A primeira grande tentativa esbarrou na resistência dos frequentadores da Redenção. Melo teve de enfiar a viola no saco e recuar. Ele acha que com comércio a Redenção ganha vida. Como se não houvesse vida sem compra e venda. Na época, especulei: quero ver quando for no Parcão. Pois é, chegou a hora. Claro que os usuários do grande parque da classe alta da capital estão chiando. Se Melo fala em segurança graça ao comércio para tentar iludir os desatentos, o outro lado teme a insegurança que a operação poderia acarretar. Comércio em cima de parque é besteira pura. Não se vai a parque para estender a mão e pegar uma cerveja, um refrigerante, um sanduíche. Esse tipo de “conforto” sem precisar mexer as pernas tem a ver com outra visão de mundo, a do pacato cidadão inimigo dos movimentos físicos e saudáveis.

As grandes cidades costumam ter pouco verde e muito cinza. Parques devem ser reservas naturais urbanas. Quem quer comer em parque deve fazer piquenique. De resto, é caminhar, correr, andar de bicicleta, deitar na grama, ouvir os pássaros, essas coisas todas que se pode fazer sem pagar nem cobrar, sem mais-valia nem valor de troca. Em parques a troca deve ser de sorrisos, abraços, beijos e inspirações. Claro que isso não agrada quem só pensa em termos de receita e despesa. Quero ver Sebastião Melo encarar o pessoal do Parcão. Se perdeu a parada na Redenção, imagina no Moinhos de Vento.

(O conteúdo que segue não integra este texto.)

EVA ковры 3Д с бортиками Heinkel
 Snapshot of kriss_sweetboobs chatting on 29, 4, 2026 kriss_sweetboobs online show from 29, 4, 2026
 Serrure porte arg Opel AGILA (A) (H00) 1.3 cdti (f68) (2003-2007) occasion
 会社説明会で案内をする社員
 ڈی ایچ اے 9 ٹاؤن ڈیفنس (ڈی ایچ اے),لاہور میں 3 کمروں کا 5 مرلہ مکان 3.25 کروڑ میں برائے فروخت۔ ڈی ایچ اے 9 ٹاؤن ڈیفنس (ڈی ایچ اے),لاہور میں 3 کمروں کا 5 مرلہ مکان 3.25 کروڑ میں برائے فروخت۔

Há algo de muito interessante nesse neoliberalismo porto-alegrense. O mercantilismo gaudério acelera e cristaliza a fase senil do regime da mercadoria, algo não pensado por Adam Smith. Nem sequer por Hayek e Friedman: o capitalismo de chão de praça e parque. Fecho com a comunidade do Parcão. Nada de comércio em cima de área de repouso, lazer e culto à natureza. Do jeito que vai será preciso cercar os parques para protegê-los da prefeitura. Nada tenho contra comércio. Ao contrário do que imagina a extrema direita, sou liberal. Um liberal social, socialdemocrata, anarquista, adversário de Estados tentaculares, temeroso de utopias que prometem o paraíso na Terra. Entre o comunismo e o capitalismo, fico com o último. Só não acho que se deva instalar pontos de venda em lugares públicos cuja missão superior é nos liberar por algum tempo do fetiche da mercadoria.